History lies under Malostranské náměstí

An archaeological dig is helping to fill in gaps about Prague's earliest days

An archaeological survey is taking place in the upper part of Malostranské náměstí in connection with the planned renovation.

The city is also planning an outdoor exhibition in August to show some of the history of the square, which has been in constant use for over 1,000 years.

Despite the square being in the center of the city, a lot of historical objects are still close to the surface, just under the paving stones. They are preserved in layers of clay, sand and sediment deposits.

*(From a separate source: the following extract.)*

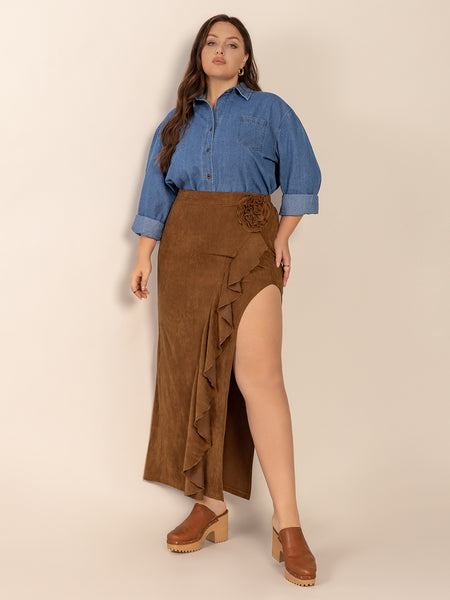 Plus Size Ruffled Slit High Rise Skirt - Image 9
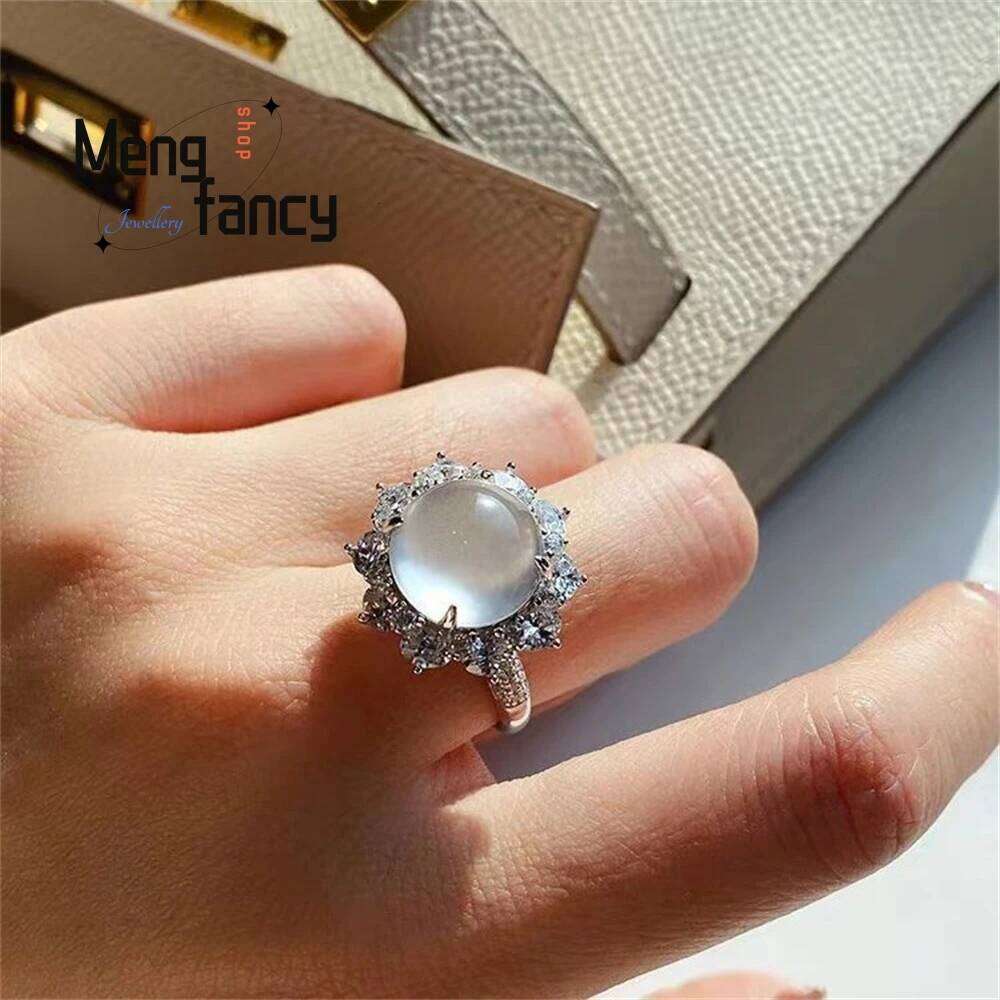 Silver-Inlaid High-Ice Chalcedony The Ice-Bred Pigeon Egg Live Ring Are Fashionable And Elegant Fashion Jewelry H260312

The latest archaeological finds confirm that the square is one of the most interesting locations in the city. Excavating a few cubic meters has shown unique information about the city's past. The area deserves increased attention and protection, according to Jaroslav Podliska. head of the department of archeology for the Prague division of the National Heritage Institute (NPÚ).

City Hall released photos of horseshoes and decorated pottery fragments that have been found so far.

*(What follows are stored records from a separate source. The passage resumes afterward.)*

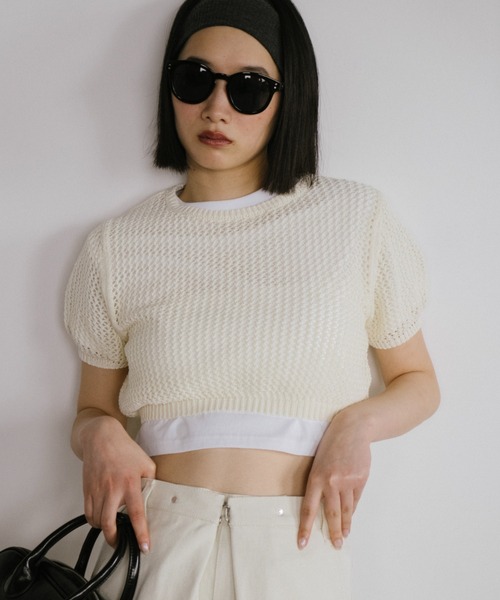 ★関税込★LAFUDGE STORE★Tweed Club Half Knit サマーニット★ トップス 『2WAY サマーニット ブラック SP00382-30-BK』 GUNNII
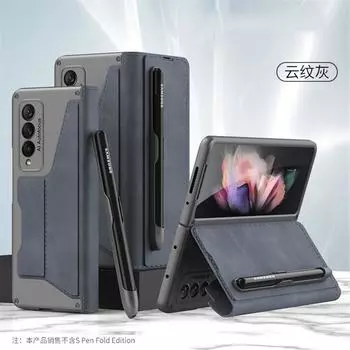 С гнездом для карты S Держатель для ручки для Samsung Galaxy Z Fold 3 5G чехол для телефона кожаный чехол Роскошный противоударный чехол Funda (Нет ручки) For Z Fold 3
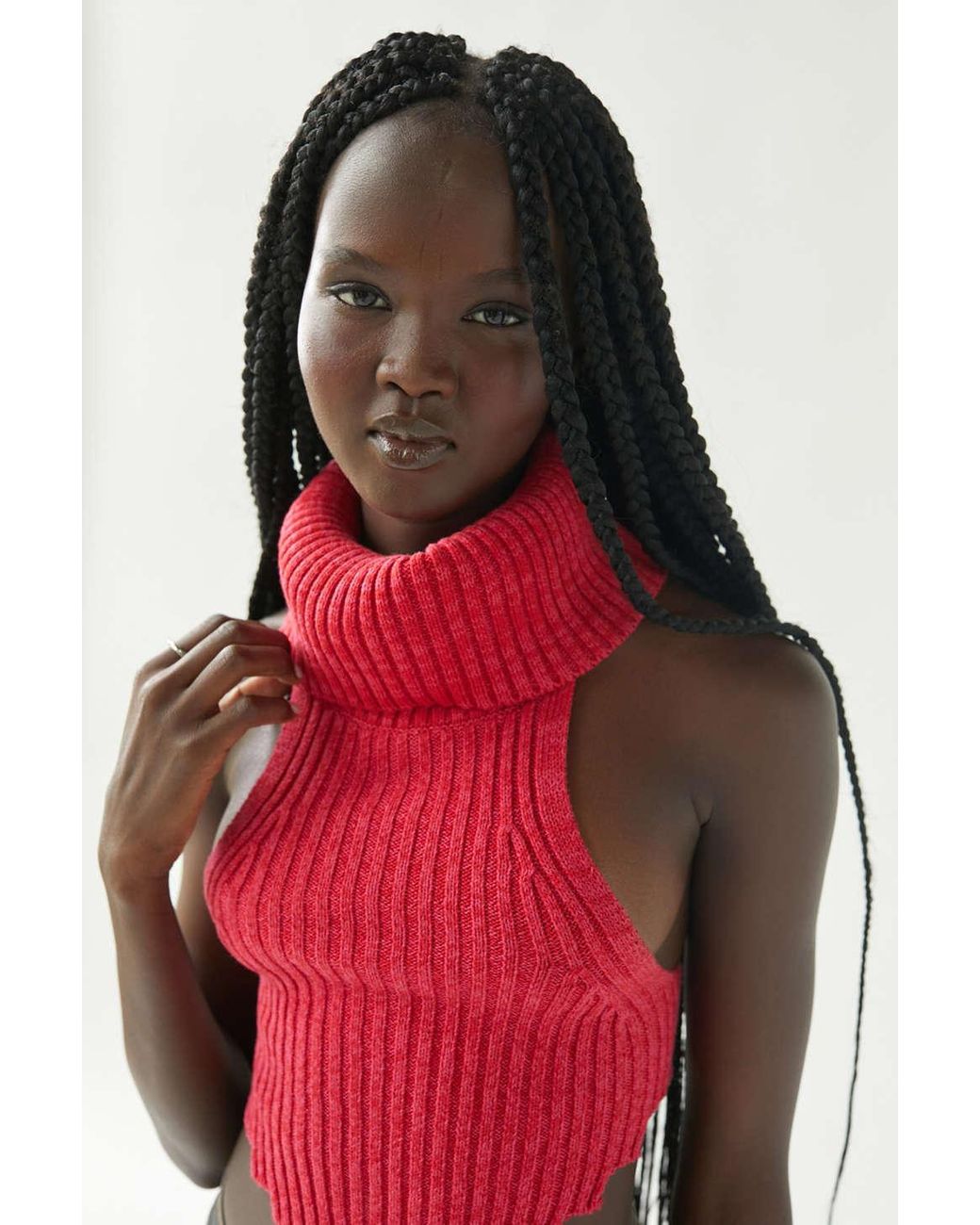 Urban Outfitters Uo Millie Knit Turtleneck Tank Top in Red Lyst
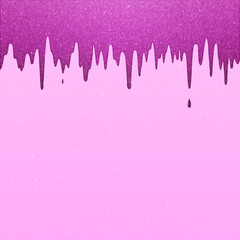 Dripping Pink Glitter Paint on light Gradient Glitter Background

Malá Strana has been settled since the ninth century, and Prague gradually grew from there. “It is not excluded that the local tradition of roasting (pražení) iron ore and the subsequent production of iron, archeologically proven in prehistoric times, could have been reflected in the name 'Praha,'” archeologist Jarmila Čiháková said on the City Hall website. The origin of the Czech name of Prague, which is Praha, is not known and there are several theories. Another is that it is related to the word for doorway or threshold.

The extent of the earliest early medieval fortifications of Malostranské náměstí is not entirely known. Some remnants have already been found during the research.

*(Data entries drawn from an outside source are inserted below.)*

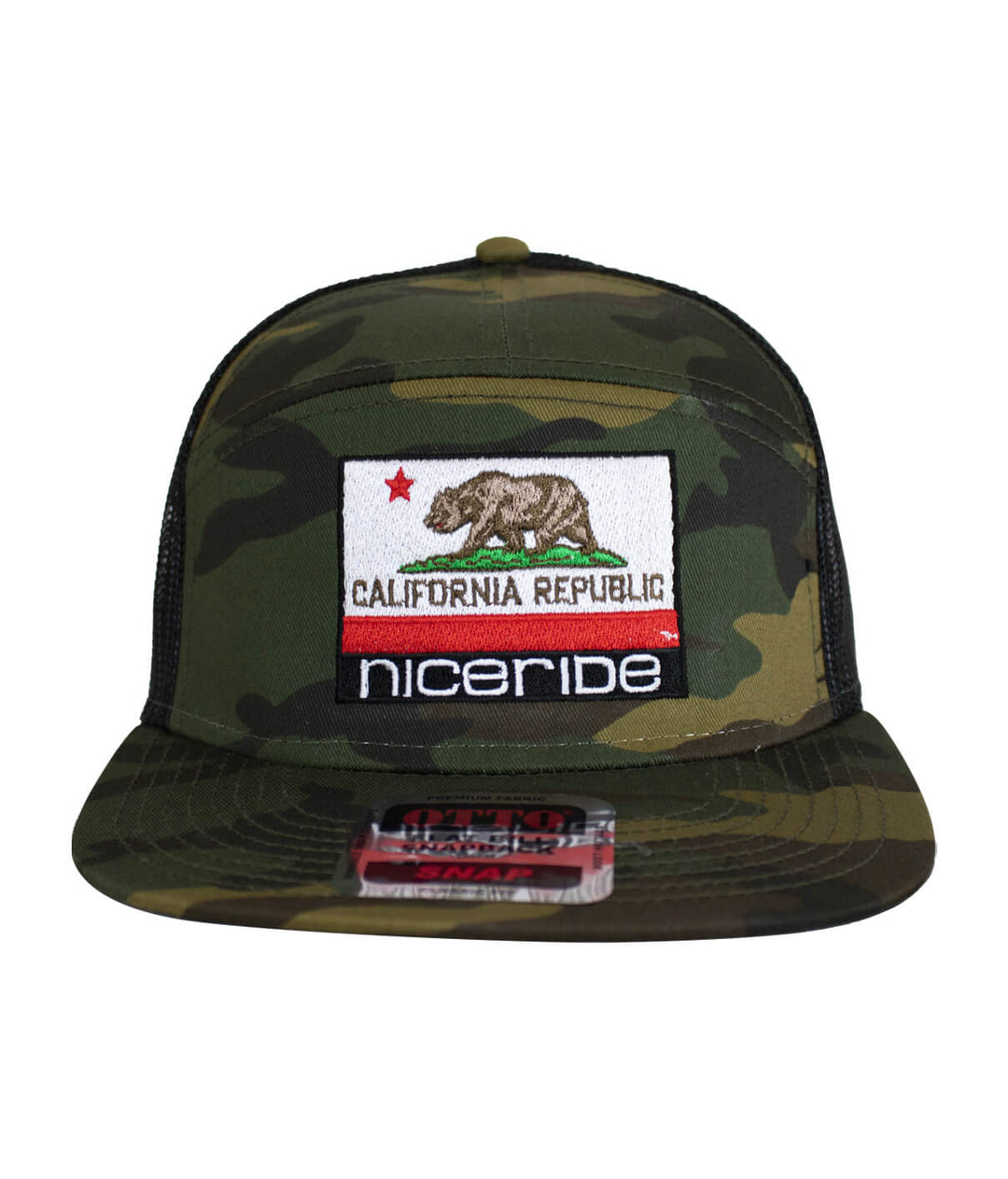 California Flag OTTO Unisex 7 Panel Trucker Hat with camo design and embroidered California Republic patch.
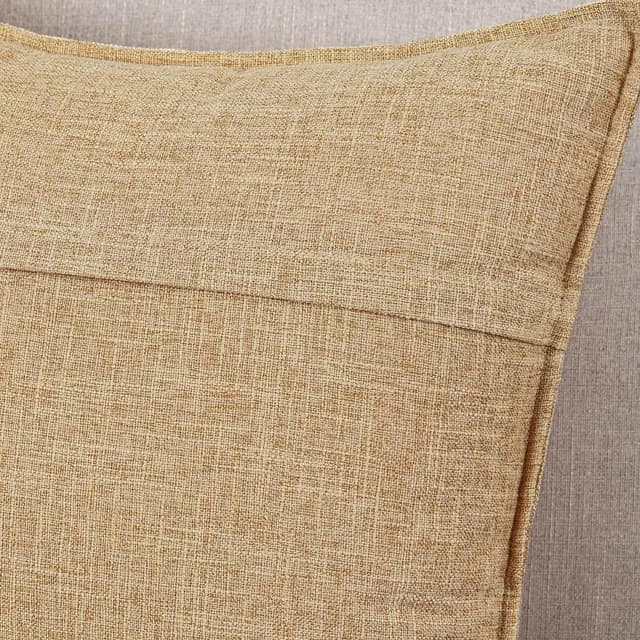 Detalle de Madizz 2er-Set Kissenbezüge aus Polyester-Leinen (Beige, 40x60 cm) mit verdecktem Reißverschluss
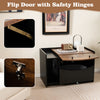 Cat litter box enclosure in black with flip door, pull-out drawer, and large tabletop for versatile use and easy.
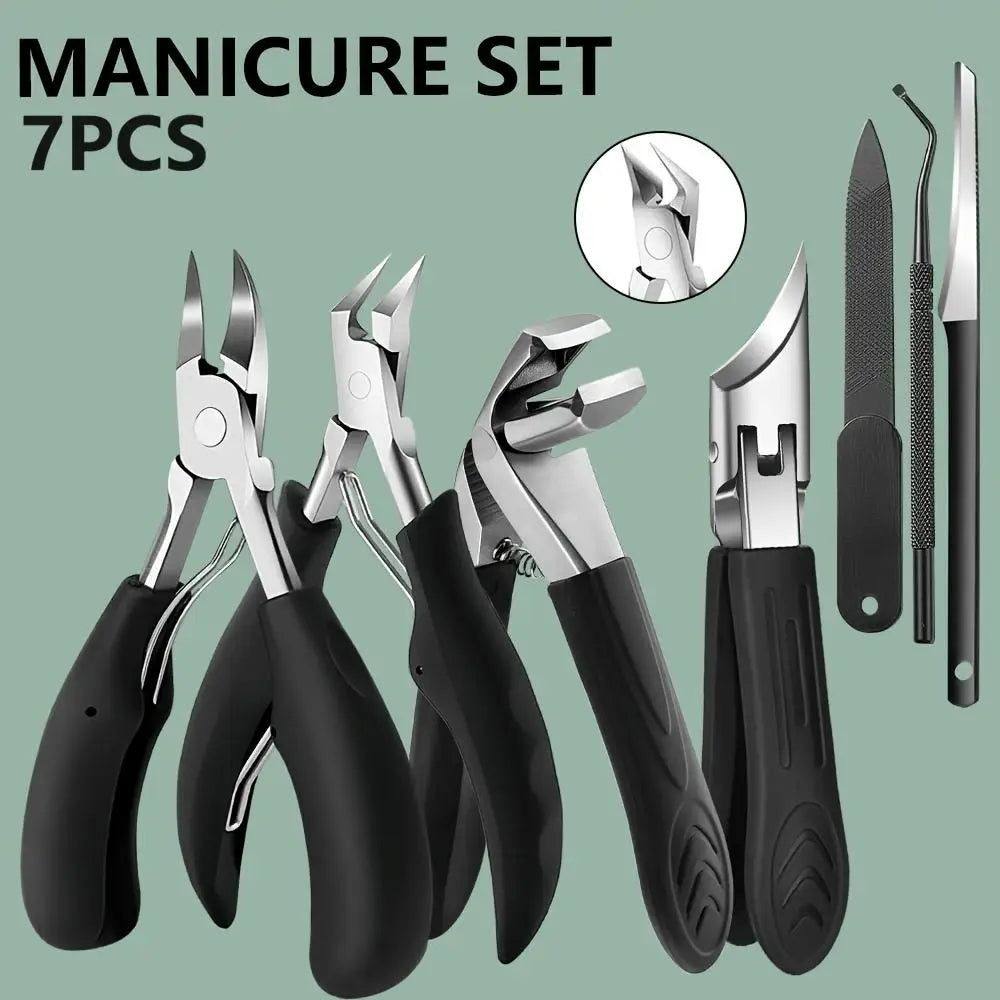 A set of seven professional stainless steel nail clippers and manicure tools displayed on a green background.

“The details of the prehistoric settlement of Malostranské náměstí have not yet been sufficiently illuminated. Archaeological research has shown that the area of the square was used for various purposes during the Middle Ages. In addition to the finds of the early medieval fortifications, there were, for example, wooden paths, houses and remnants of craftsmanship,” archaeologist Jan Havrda said.

More information on landmarks hidden under the square's pavement will come to light after further research scheduled for autumn.

Prague Deputy Petra Kolínská (Greens) said the finds were fascinating. “I did not even know that under half of the square there is practically a historical marsh, or that in the middle of the square, in the building of the former Jesuit college, there are the foundations of the Rotunda of St. Wenceslas and buildings from the time of the first Přemyslids,” she said.

The Přemyslids were a royal family between the ninth and 12th centuries. Tales of the earliest rulers are a mix of myth and history.

“That is why we have prepared an outdoor exhibition for the inhabitants of Prague and its visitors, drawing the past and the future of the square. The exhibition will be here in August,” Kolínská said.

The square is currently undergoing a renovation to make it more friendly to pedestrians. A fountain, for example, will be added. A parking lot that had been there was closed down in July 2016.

The name of the square has changed over the years. The square has long been divided into two parts and was called Horní rynk and Dolní rynk (Upper and Lower Marketplace), and Malostranský rynek. The upper part was also called Vlašský plac, as many Italian merchants were there.

In the first half of the 19th century it became Štepanské námestí (Stephan Square), and after 1869 it was officially Malostranské náměstí, but people called it náměstí Maršála Radeckého, or Radecký Square, after a large statue located there at that time.

The statue honoring Field Marshall Radecký is associated with the Habsburg occupation of Bohemia. It was taken down after Czechoslovakia got its independence.